After reading some threads here on timing and execution speed, I decided to put one of my creations to the test. I wrote what's basically an instr() function to look for strings in files for my FindIt! program. FindFileText() is an all-in-one deal that takes a file handle and does all the needed buffer-filling stuff, as well as searching the text.
I did the same test as JJ used in another thread here, looking for "WARNING duplicate" in windows.inc, and was quite surprised at the results. I certainly wasn't expecting to even be in the ballpark of a fast routine; I didn't really optimize my code for ... anything. But according to my calculations, my code ran in about 35 ms. Now it's possible that this is wrong (and if anyone is interested they can check my code).
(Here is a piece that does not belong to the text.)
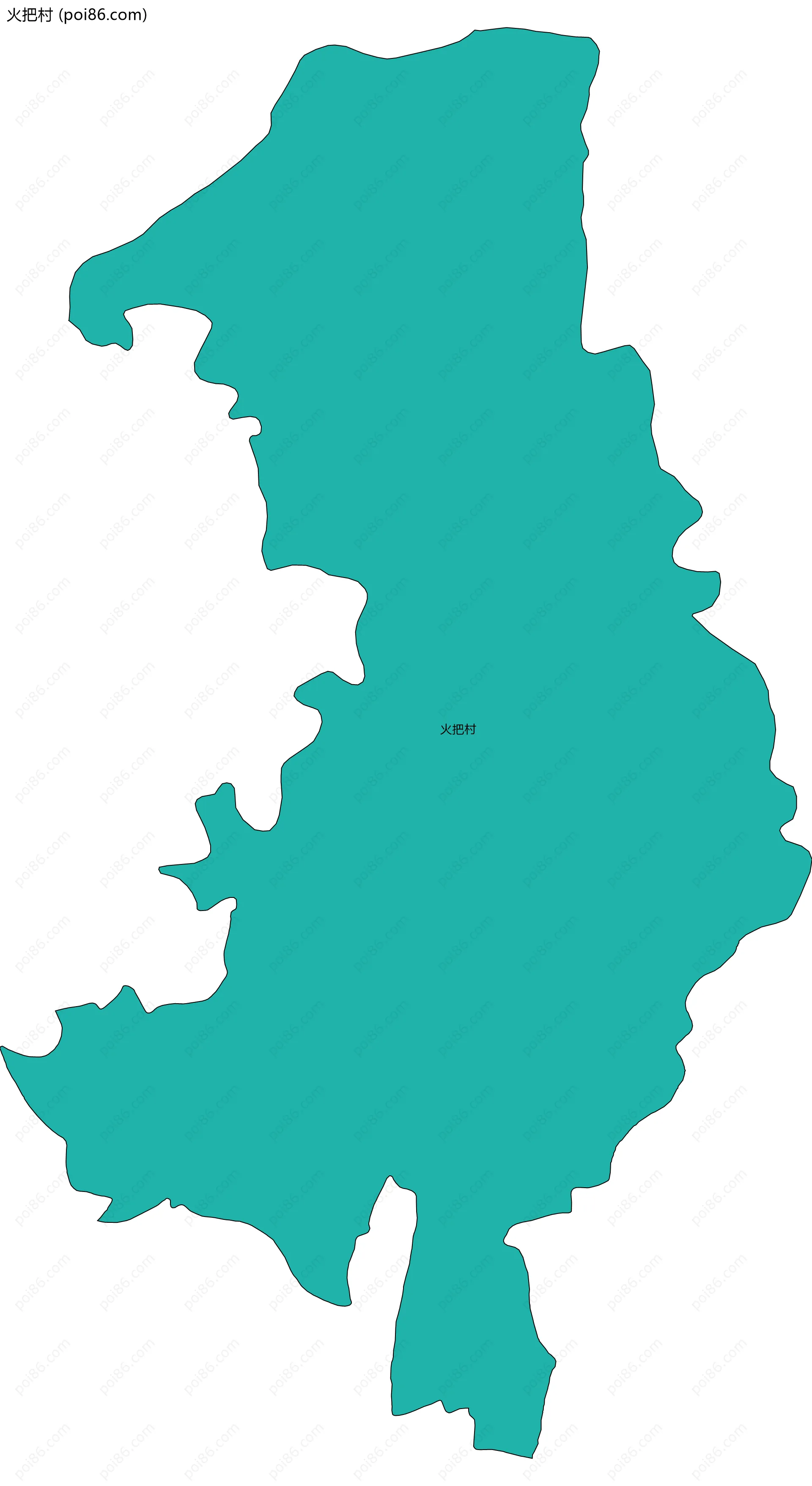 火把村边界地图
Who knows? maybe I'm off by a factor of 10.
Here's how I'm timing myself:
; Prime the pump:
INVOKE FillBuffer, fileHandle
; Get the starting time:
INVOKE QueryPerformanceCounter, OFFSET QPCstartTime
; Do the test:
INVOKE FindFileText, fileHandle, ADDR searchBuffer
; Get the end time:
PUSH EAX ;Save search results.
INVOKE QueryPerformanceCounter, ADDR qPCendTime
POP EAX
[display index value of match here]
; Calculate elapsed time:
FILD qPCendTime
FILD QPCstartTime
FSUB
FILD QPCfreq
FDIV
FILD OneThousand ;Convert to milliseconds.
FMUL ;Leave result on FPU.
INVOKE FpuFLtoA, NULL, $FPUfl2aFlags, ADDR timeBuffer, SRC1_FPU or SRC2_DIMM or STR_REG
[format and display elapsed time here]
It looks good to me, so is this accurate? Do I have a contender for a speed demon here?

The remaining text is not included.